▶ **Exercise brief**
Beginning at the top of the data below, write out every line exactly until you reach the line with "map of restaurants, bars, coffee", and include that line.

══ Task input ══

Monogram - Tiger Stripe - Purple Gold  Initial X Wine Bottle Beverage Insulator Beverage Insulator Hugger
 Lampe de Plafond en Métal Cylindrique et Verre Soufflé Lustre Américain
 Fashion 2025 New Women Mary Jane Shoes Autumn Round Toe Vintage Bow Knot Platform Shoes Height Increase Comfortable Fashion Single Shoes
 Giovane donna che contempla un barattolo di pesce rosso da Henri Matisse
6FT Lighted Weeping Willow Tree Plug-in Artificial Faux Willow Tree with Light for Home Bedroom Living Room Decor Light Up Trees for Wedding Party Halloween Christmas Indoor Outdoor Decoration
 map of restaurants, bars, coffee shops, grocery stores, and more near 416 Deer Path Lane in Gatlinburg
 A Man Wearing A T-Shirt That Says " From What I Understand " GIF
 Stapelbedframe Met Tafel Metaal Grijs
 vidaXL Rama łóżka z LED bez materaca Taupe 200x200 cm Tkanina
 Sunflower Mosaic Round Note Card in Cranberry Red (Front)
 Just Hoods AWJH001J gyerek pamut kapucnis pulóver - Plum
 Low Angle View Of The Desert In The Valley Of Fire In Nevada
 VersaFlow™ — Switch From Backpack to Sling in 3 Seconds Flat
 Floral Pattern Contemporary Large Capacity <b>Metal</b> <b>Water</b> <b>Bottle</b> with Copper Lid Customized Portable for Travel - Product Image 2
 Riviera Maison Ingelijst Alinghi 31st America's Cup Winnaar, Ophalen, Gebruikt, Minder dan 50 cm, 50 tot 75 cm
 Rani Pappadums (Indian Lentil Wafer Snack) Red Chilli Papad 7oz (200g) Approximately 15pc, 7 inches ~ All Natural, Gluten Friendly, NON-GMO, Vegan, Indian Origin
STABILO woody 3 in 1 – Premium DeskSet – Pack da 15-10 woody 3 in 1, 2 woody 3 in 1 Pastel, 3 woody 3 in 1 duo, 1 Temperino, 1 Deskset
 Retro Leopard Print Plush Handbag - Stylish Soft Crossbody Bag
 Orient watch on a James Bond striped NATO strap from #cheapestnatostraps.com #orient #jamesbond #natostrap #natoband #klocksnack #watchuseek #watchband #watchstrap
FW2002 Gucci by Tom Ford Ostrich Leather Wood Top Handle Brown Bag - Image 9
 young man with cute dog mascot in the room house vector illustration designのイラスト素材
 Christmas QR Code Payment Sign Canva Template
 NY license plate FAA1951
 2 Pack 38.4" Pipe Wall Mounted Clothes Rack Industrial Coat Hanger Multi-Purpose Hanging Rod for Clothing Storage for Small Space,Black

═══

▶ **Expected output**
Monogram - Tiger Stripe - Purple Gold  Initial X Wine Bottle Beverage Insulator Beverage Insulator Hugger
 Lampe de Plafond en Métal Cylindrique et Verre Soufflé Lustre Américain
 Fashion 2025 New Women Mary Jane Shoes Autumn Round Toe Vintage Bow Knot Platform Shoes Height Increase Comfortable Fashion Single Shoes
 Giovane donna che contempla un barattolo di pesce rosso da Henri Matisse
6FT Lighted Weeping Willow Tree Plug-in Artificial Faux Willow Tree with Light for Home Bedroom Living Room Decor Light Up Trees for Wedding Party Halloween Christmas Indoor Outdoor Decoration
 map of restaurants, bars, coffee shops, grocery stores, and more near 416 Deer Path Lane in Gatlinburg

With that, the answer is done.